It is impossible to follow everything ML. These 5, though, are worth a look.

Machine learning, as a field, is growing at a breakneck speed. Github is that whiteboard which the whole world is watching. Top quality code is being regularly posted on that infinite board of wisdom.

It is obviously impossible to track all things that go on in the world of machine learning but Github has a star-rating for each project. Basically, if you star a repository, you show your appreciation for the project as well as keep track of repositories that you find interesting.

Github Blog

This star rating then can be one of the good metrics to know the most followed projects. Let’s take a look at 5 highly rated ones.

1) face-recognition — 25,858 ★

The world’s simplest tool for facial recognition. It provides an application programming interface (API) for Python and the command line. It is useful for recognising and manipulating faces in images. It is built using dlib’s state-of-the-art face recognition algorithm. The deep-learning model has an accuracy of 99.38% on the Labeled Faces in the Wild dataset.

It also provides a simple face_recognition command line tool that lets you do face recognition on a folder of images from the command line itself!

This library can also handle real-time face recognition

Github — face-recognition

2) fastText by FacebookResearch — 18,819 ★

fastText is an open source and free library by Facebook team for efficient learning of word representations. It is lightweight and allows users to learn text representations and sentence classifiers. It works on standard, generic hardware. Models can be reduced in size to even fit on mobile devices.

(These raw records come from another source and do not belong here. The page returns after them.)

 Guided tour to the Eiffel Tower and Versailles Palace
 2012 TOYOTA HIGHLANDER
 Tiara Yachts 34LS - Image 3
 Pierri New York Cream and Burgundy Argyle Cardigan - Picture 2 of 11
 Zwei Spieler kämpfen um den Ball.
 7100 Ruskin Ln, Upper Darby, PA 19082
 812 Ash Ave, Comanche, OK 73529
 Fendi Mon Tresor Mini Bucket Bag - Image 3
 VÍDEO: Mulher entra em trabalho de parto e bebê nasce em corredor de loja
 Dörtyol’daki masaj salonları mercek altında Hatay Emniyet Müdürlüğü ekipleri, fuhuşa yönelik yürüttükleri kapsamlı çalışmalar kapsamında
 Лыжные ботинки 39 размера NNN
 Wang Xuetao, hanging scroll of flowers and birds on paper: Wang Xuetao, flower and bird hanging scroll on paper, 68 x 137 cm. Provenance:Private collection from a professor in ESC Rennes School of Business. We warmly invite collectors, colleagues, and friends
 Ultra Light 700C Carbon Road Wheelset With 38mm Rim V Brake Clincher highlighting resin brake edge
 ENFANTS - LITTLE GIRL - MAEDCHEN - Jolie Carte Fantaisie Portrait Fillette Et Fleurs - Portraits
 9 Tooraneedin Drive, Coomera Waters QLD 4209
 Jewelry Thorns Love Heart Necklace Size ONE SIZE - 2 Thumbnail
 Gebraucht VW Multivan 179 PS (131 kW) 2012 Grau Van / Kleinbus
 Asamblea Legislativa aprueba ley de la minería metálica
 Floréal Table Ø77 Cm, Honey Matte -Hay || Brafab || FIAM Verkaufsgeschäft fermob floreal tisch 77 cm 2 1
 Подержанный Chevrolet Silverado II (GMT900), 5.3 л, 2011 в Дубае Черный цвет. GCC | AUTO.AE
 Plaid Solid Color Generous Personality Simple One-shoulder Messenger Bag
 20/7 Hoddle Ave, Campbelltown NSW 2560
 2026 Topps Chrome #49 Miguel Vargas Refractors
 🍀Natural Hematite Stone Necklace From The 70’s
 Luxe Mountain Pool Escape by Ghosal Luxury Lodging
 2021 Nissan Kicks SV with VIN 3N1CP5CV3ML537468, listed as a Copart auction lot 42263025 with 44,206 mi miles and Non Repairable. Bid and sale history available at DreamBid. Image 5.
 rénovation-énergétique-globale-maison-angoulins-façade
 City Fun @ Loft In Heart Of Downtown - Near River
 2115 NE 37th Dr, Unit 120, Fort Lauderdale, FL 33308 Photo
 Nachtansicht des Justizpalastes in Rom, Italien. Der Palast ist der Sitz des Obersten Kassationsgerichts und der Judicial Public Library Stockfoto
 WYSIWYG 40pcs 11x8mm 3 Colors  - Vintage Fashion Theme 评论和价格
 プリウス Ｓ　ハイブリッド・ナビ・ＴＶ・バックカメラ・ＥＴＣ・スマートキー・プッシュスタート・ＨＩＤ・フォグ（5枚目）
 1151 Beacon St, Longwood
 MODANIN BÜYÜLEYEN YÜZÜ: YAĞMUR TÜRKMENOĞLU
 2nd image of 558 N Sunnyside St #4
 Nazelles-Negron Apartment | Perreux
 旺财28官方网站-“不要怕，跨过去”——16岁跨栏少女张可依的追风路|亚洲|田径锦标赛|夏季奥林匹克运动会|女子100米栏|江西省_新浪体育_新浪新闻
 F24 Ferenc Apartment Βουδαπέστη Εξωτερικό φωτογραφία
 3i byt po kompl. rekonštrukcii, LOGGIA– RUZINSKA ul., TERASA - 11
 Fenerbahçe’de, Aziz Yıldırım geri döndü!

Text classification is a core problem to many applications, like spam detection, sentiment analysis or smart replies. The goal of text classification is to assign documents (such as emails, posts, text messages, product reviews, etc…) to multiple categories.

Example of word classes | Source:

It is a very useful resource for NLP enthusiasts.


3) awesome-tensorflow — 14,424★

This is a collection of resources that help you understand and utilise TensorFlow. The github repo contains a curated list of awesome TensorFlow experiments, libraries, and projects.

TensorFlow is an end-to-end open source platform for machine learning designed by Google. It has a comprehensive ecosystem of tools, libraries and community resources that lets researchers create the state-of-the-art in ML. Using it developers can easily build and deploy ML powered applications.


4) predictionio by Apache — 11852 ★

Apache PredictionIO is an open source machine learning framework for developers, data scientists, and end users. Users can use this framework to build real-world ML apps, deploy and test them.

It even supports event collection, evaluation, and querying predictive results. It is based on scalable open source services like Hadoop, HBase etc.

It basically takes the load off of a developer’s mind as far as Machine Learning is concerned.


5) Style2Paints — 9184 ★

This repository is slightly different from all of the above as it has been shut down due to lack of funds! It is quite an interesting concept where AI is used to color images.

They claimStyle2paints V4 as the current best AI driven Line-Art colorization tool.

They claim that it is different from previous end-to-end image-to-image translation methods because it is the first system to colorize a line-art in real-life human workflow. Most human artists are familiar with this workflow

sketching -> color filling/flattening -> gradients/details adding -> shading

Style2Paints is designed according to this flow. Such a flow produces the middle image from the leftmost image in just 2 clicks.


And in just 4 more clicks this is what you get


Internet is an ocean and machine learning is a river that flows into it. The stars on Github are a good metric to sift through this river of treasure.